It was dark. He heard sirens, shouts, crying.
“I thought it was the end,” he said, standing near a mound of concrete and plaster that had once been the building. “But I remembered the 33 trapped miners in the mine in Chile and thought that if they could survive so many days, I could do it, too.”
At least 413 people died and more than 2,000 were injured in the magnitude 7.8 earthquake that struck Ecuador late on Saturday, the biggest to hit the nation in decades, leaving a stretch of ruin through provinces bordering the Pacific coast. The tremors flattened buildings, fractured highways and knocked out electricity to much of the region.
On Monday, residents were still digging through the rubble for survivors and victims, the government was scrambling to find shelter for thousands of people left homeless and rescue crews from around the world had begun arriving in the Andean nation to help.
Portoviejo, a city of nearly 300,000 people and the provincial capital of Manabi Province, was hit particularly hard, with officials reporting more than 100 deaths and at least 370 destroyed buildings. Survivors described how the earthquake, from one moment to the next, turned a normal, placid evening into a disaster zone.
Ecuadorean President Rafael Correa’s office reported that rescue crews were flying in from Latin America as well as from Europe. Hundreds of aid workers from abroad were already in the disaster zone by Monday morning, with the largest contingents so far including 120 from Mexico, 80 from Spain and 49 from Chile, officials said.
In some of the worst-hit areas, like sections of Portoviejo, the Ecuadorean military set up cordons to restrict traffic and to allow rescue personnel to work more easily. The authorities were also concerned about further collapses in the event of aftershocks. At 1:30pm, a magnitude 4.6 tremor hit, sowing panic, including among the rescue workers, who feared that the vibrations might topple structures that had already been compromised by Saturday’s earthquake.
On Monday evening, a Colombian rescue team pulled a man from the wreckage of the Hotel El Gato in Portoviejo. The man, Pablo Cordoba, 38, the administrator of the hotel, told the rescuers that there might be another person alive in the wreckage.
Cordoba said that for more than half a day after the earthquake, he carried on a conversation with another person who was trapped elsewhere in the wreckage; the two could hear, but not see each other.
The other victim had gone silent around noon on Monday, Cordoba said.

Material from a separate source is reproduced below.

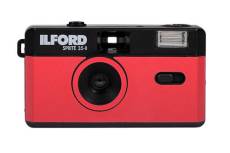 Appareil photo argentique compact 24x36 Ilford Sprite 35mm II Noir et rouge Réutilisable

The Colombian rescue team — using tools, hands and an excavator, and working in near total darkness — started pushing deeper into the debris hoping to find another survivor.
Fabiola Carreno, 35, her clothes covered in dust and her face wrought with anxiety, spent the day searching likely locations for her cousin, Jenny Carreno, 24, and her cousin’s six-year-old daughter, Kiara Villafuerte. At one point, Carreno was unsuccessfully trying to persuade soldiers at a blockade to let her pass so that she could search for her relatives in the wreckage of a collapsed building.
She held a photograph of her cousin in her hand.
“We have to look for them,” Fabiola Carreno said. “We have to identify them, but they are not letting us.”
The soldiers were unmoved.
“We know that we are not going to find them alive, but we want to bury their bodies,” she said of her relatives.
The Ecuadorean military began distributing food rations across the affected region of the nation, including water and cooking oil.
Fausto Ortega, 58, rode for more than an hour on his bicycle across Portoviejo and into the city’s suburbs looking for some bread for his family’s breakfast.
“The situation is very anxious, because we have to look for ways to survive during these next few days,” he said. “My wife is scared to enter the house and prefers to sleep in the street, because the house can fall.”
“We are poor and need help, but nobody has come to bring us even a glass of water or a grain of rice,” he added. “We have been told to go to the shelter, but we are not going to leave the little that we have unguarded.”
The Spanish Red Cross, which is helping its counterpart in Ecuador, estimated that between 3,000 and 5,000 people have been left homeless by the earthquake and need temporary shelter, the group said in a statement.
However, for one group of people living in Manabi Province, the earthquake turned out to be a fortuitous event. Amid the tremors on Saturday, a wall at the El Rodeo state prison fell down, giving prisoners an escape route. According to local news reports, about 180 inmates fled through the hole and into the night, although by Monday, about 30 had been recaptured.